RAG Prompt Engineering for better results

Hi everyone,
I am working on rag from last 3-4 months but still i am not sure on some basic questions like how many documents should be Reterived for genration in llm or how should be prompt written should it be small and straightforward or detailed and lengthy suppose i am doing a pdf matching rag which gives me similar pdf to the input one here only pdf changes not the question so how should i proceed any suggestions?

This in particular is mostly a value engineering question I think, and depends on the quality of your retrieval system.

You obviously always want to make sure that you include the relevant document in your generation context. Changing the number of documents mostly just changes your sensitivity at the cost of generation price.

Including more typically only really affects your output if your document chunks are very similar and confusing, or contradict the training corpus.

I think that’s a matter of taste and only really affects your output, and not the retrieval process.

I’m not sure if you need rag for this at all? It depends on what qualities you consider similar, I suppose. can you give a more concrete example of what you want to do?
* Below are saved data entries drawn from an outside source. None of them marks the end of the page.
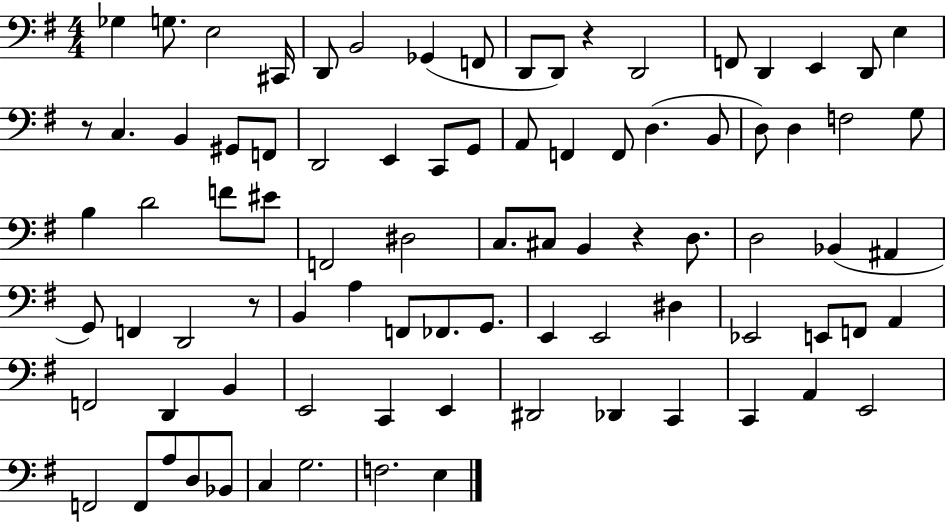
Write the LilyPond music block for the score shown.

{
  \clef bass
  \numericTimeSignature
  \time 4/4
  \key g \major
  ges4 g8. e2 cis,16 | d,8 b,2 ges,4( f,8 | d,8 d,8) r4 d,2 | f,8 d,4 e,4 d,8 e4 | \break r8 c4. b,4 gis,8 f,8 | d,2 e,4 c,8 g,8 | a,8 f,4 f,8 d4.( b,8 | d8) d4 f2 g8 | \break b4 d'2 f'8 eis'8 | f,2 dis2 | c8. cis8 b,4 r4 d8. | d2 bes,4( ais,4 | \break g,8) f,4 d,2 r8 | b,4 a4 f,8 fes,8. g,8. | e,4 e,2 dis4 | ees,2 e,8 f,8 a,4 | \break f,2 d,4 b,4 | e,2 c,4 e,4 | dis,2 des,4 c,4 | c,4 a,4 e,2 | \break f,2 f,8 a8 d8 bes,8 | c4 g2. | f2. e4 | \bar "|."
}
Suppose there is a system in company where many employees submit there reports to remove redundancy you want to remove similar reports now if no. Of reports are huge i want ai to do this task for this i retrieve 10 most relevant reports and send then to llm to find top 3 similar reports to consider for removing or not

yeah, unfortunately “relevant” and “similar” is very context dependent. Embeddings will give you a “similarity” scrore - cosine similarity - you can try that, but it’s important to keep in mind that what the model considers similar is not necessarily what you consider similar.

you know about this stuff, right? https://platform.openai.com/docs/guides/embeddings

It’s quite possible that this is enough for what you’re trying to do.